A time coordinate is used merely to make the mathematical representation more familiar. It does not represent a temporal choice, necessarily, but rather an abstraction of a more general search space (such as a location to drill for oil, a choice of marketing strategy, or a technology product). The process $$Y_t$$, unknown to us, represent the yet to be discovered variation in revenue as we move across the search space.
We seek to analyze how much exploration one should perform, versus sticking to what we know. Intuitively, if the initial point $$X(0)=b$$ (or $$Y(0)=e^b$$) is very high we might not want to risk any departure. Whereas if $$b$$ is less than zero we're better off forgetting it altogether (that is, choosing $$t_1 \rightarrow \infty$$). In what follows, we sharpen this intuition.
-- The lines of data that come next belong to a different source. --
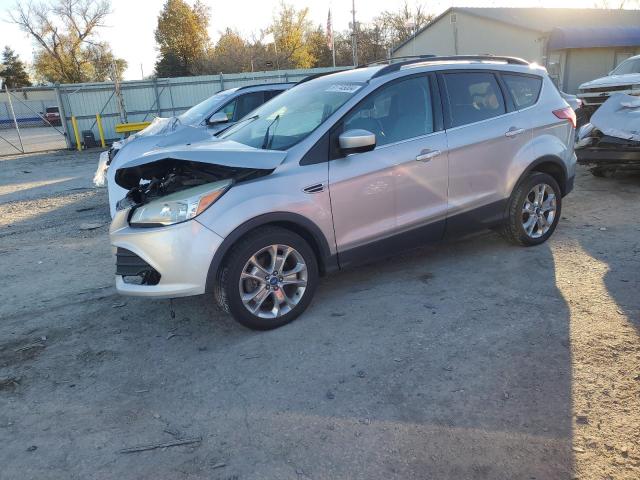 FORD ESCAPE SE 2013 with VIN 1FMCU9GX4DUC85871 - Photo from auction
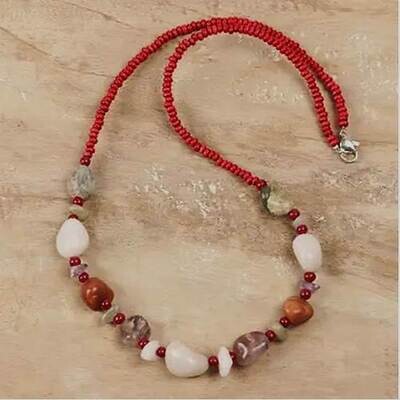 Sunset Necklace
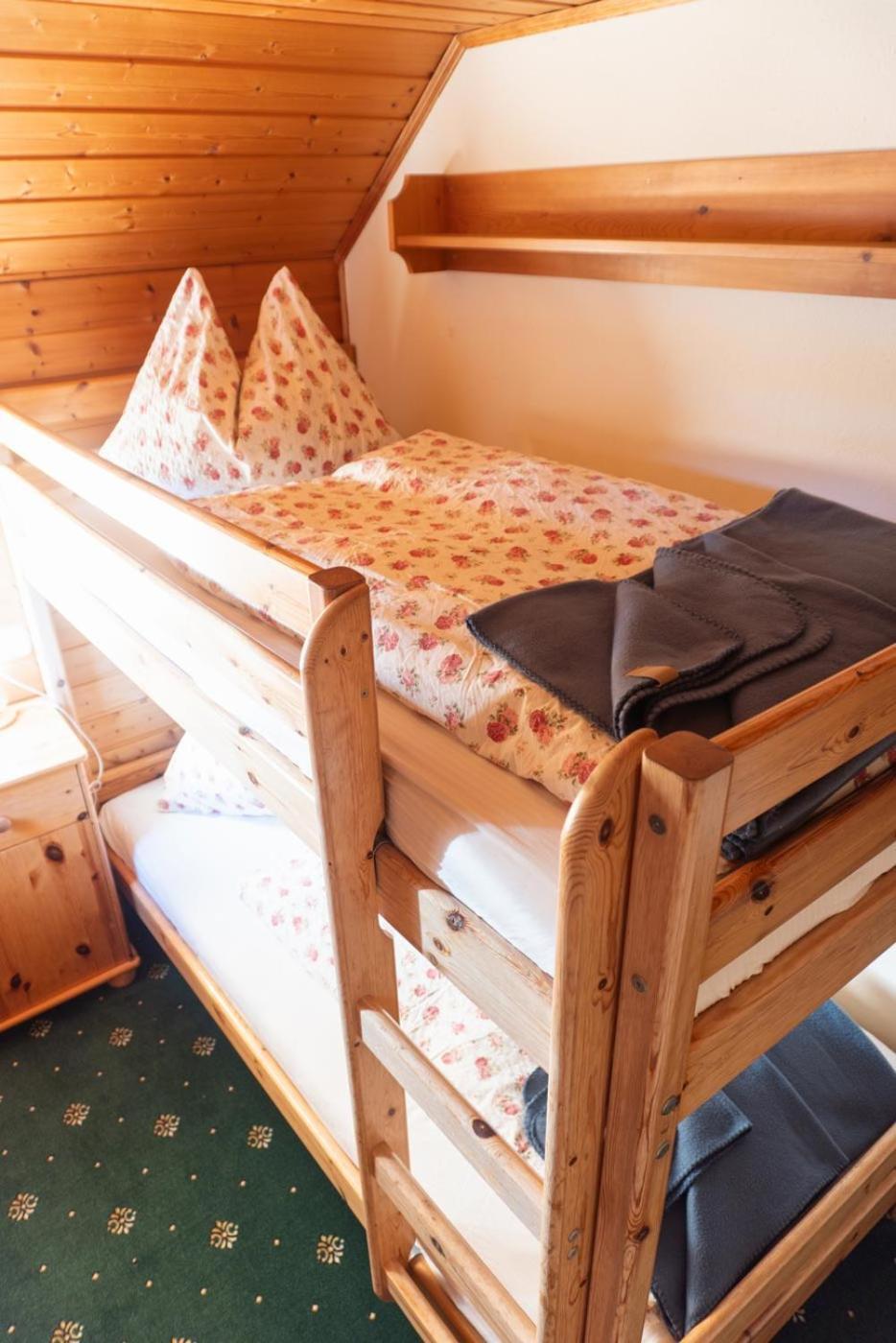 Pension Trillerhof Ramsau am Dachstein Extérieur photo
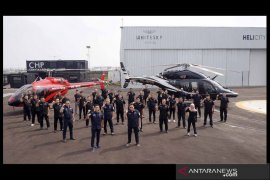 Taksi terbang siap antar penumpang dari Bandara Soetta ke 72 titik Jabodetabek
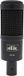 Heil Sound PR 40 Black - Microphone dynamique, cardioïde, noir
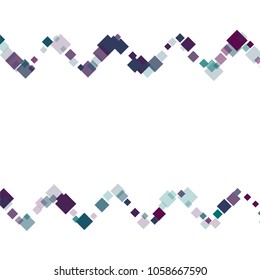 Rhombus background minimal geometric cover template of isolated elements.Future geometric cover rhombus background. Used as print, card, template, texture, background, wallpaper, banner, border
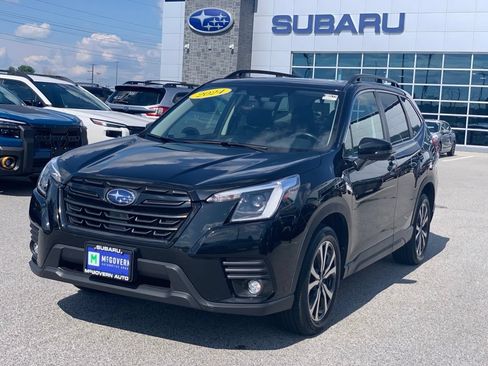 Used 2024 Subaru Forester Limited AWD/4WD image 5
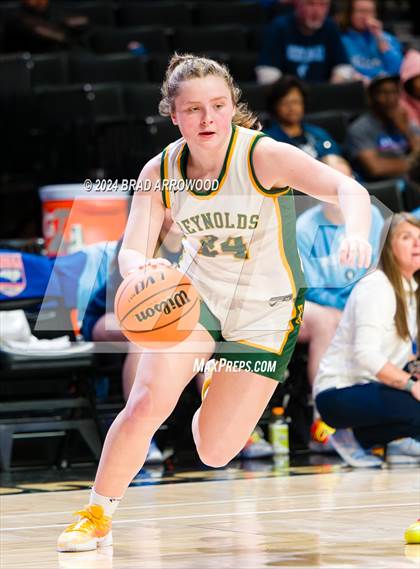 Thumbnail 1 in West Rowan vs A.C. Reynolds (NCHSAA 3A regional Final) photogallery.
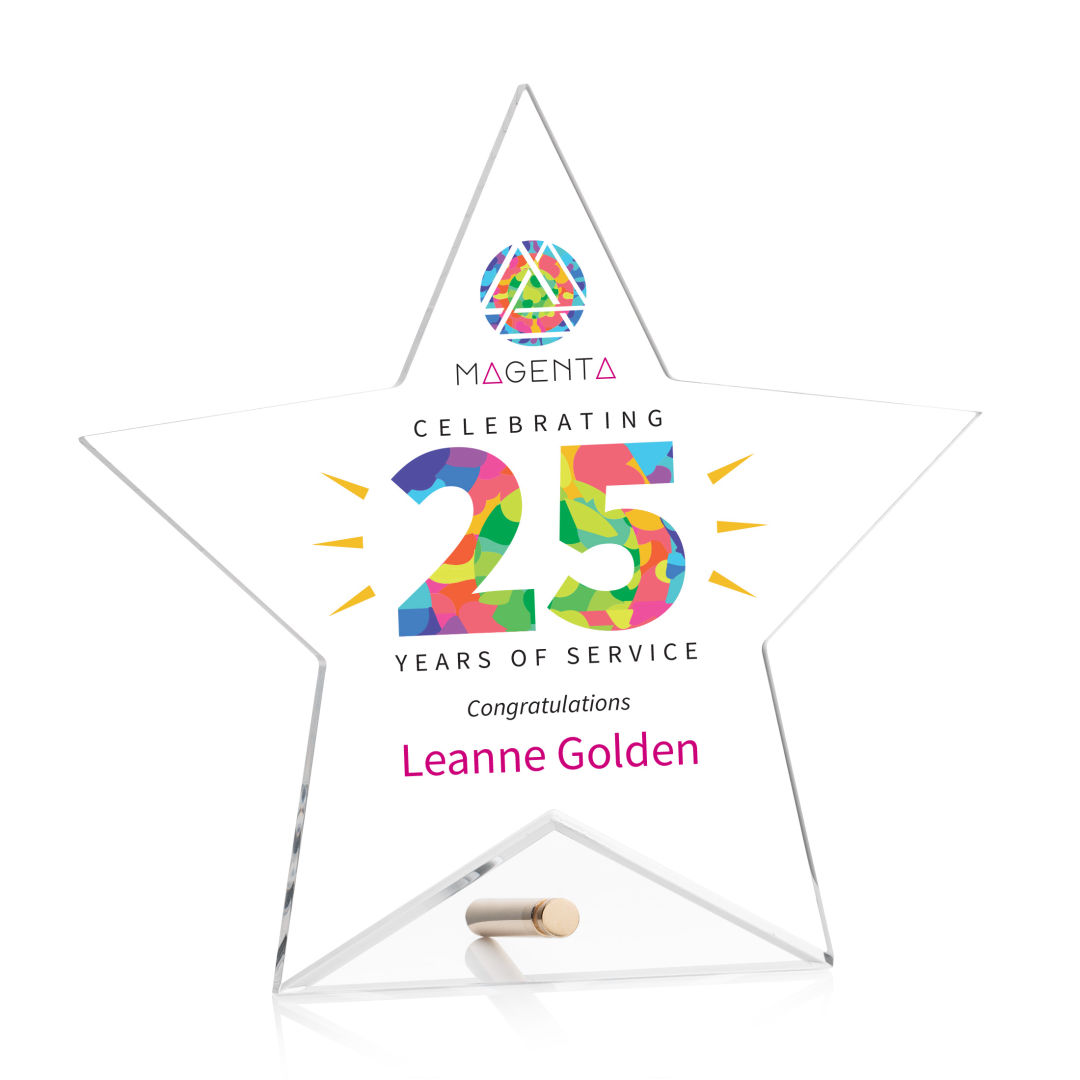 Polaris Star VividPrint™ Award - Gold 3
Lemma A: The single period game.

Conditioned on $$X_0 = b$$ the mean and variance of $$X_t$$ are given by \begin{eqnarray} \mu(t) & = & b e^{-\kappa t} \\ \nu(t) & = & \frac{ \sigma^2 }{2 \kappa } \left( 1 - e^{-2 \kappa t} \right) \end{eqnarray} So using our simplification $$\frac{\sigma^2}{2\kappa} = 1$$ we ought to choose \begin{eqnarray} t_1^* & = & \arg \max E[ e^{X(t)} ] \\ & = & \arg \max \log E[ e^{X(t)} ] \\ & = & \arg \max \left( \mu(t) + \frac{1}{2} \nu(t) \right) \\ & = & \arg \max \left( b \lambda_t + \frac{1}{2} ( 1 - \lambda_t ^2 ) \right) \\ & = & \arg \max -\frac{1}{2} \left( \lambda_t - b \right)^2 + \frac{1}{2} \left( b^2 + 1 \right) \end{eqnarray} for $$\lambda_t = e^{-\kappa t }$$ taking values in $$[0,1]$$. This has qualitatively different behaviour depending on which of three regions $$b$$ falls into. The three possibilities are tabulated below.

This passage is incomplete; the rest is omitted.